The Labour government came into power promising a shift to a policy of the "polluter pays" but Greenpeace believes it began to retreat from that position, notably after the fuel protests in August 2000 caused oil refineries to be blockaded and widespread disruption.
The Case for Green Fiscal Reform, to be launched tomorrow by Lord Turner, head of the committee on climate change and chairman of the Financial Services Authority, seeks a rise in the proportion of environmental-based taxes in the overall tax take from 7% to 15%. When Labour came to power, environmental-based taxation accounted for 9% of the tax take.
A £300 tax would be placed on new cars, increasing annually until it reaches £3,300 by 2020, while a fuel "escalator" would be introduced to increase petrol duties by 10% per annum. The report has cross-party support.

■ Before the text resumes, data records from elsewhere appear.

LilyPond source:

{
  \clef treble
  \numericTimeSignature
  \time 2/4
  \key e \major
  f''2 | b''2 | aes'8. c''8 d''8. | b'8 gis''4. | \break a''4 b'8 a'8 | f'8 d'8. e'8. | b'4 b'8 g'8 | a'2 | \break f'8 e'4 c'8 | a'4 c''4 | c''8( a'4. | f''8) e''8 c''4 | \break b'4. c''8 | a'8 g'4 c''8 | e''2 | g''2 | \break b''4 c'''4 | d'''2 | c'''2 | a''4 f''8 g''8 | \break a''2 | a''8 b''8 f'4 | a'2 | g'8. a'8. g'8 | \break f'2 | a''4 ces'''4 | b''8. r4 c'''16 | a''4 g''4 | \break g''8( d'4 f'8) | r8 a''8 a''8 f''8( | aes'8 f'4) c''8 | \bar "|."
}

Paul Ekins, professor of energy and environment policy at University College London and author of the GFC report, said the total impact of the package would be almost exactly neutral to the economy as a whole. It would create 500,000 jobs and reward consumers who shy away from heavy CO2 consumption, but knock car and oil companies, and those who make money out of a high-carbon economy.

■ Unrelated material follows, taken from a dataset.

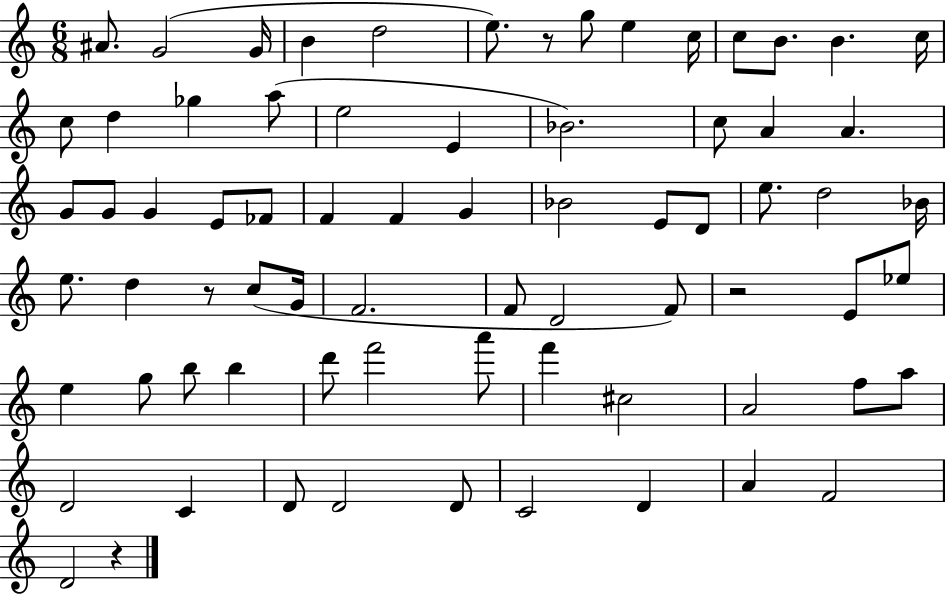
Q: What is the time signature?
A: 6/8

"Media reporting of these kinds of initiatives tends to concentrate on the losers but [the proposal from the GFC] is good news and puts money in the pocket of those who are not polluters," said Ekins.
The shadow climate change secretary, Greg Barker, said that the Conservatives would consider the report's recommendations seriously.
The transport lobby went on the attack today, with the Freight Transport Association (FTA) saying the government was already using too much stick and very little carrot with road users.
"Our members use road, rail and sea where they can but the infrastructure is not there at the moment to make [low-carbon alternatives] more viable. We met the Treasury the other week and it admitted the fuel duty was not an environmental tax but a revenue raiser," said Jo Tanner, a spokeswoman for the FTA.
The Society of Motor Manufacturers and Traders said it could not pass comment before seeing the report but was alarmed at the idea of levies on new cars at a time when the industry is in recession.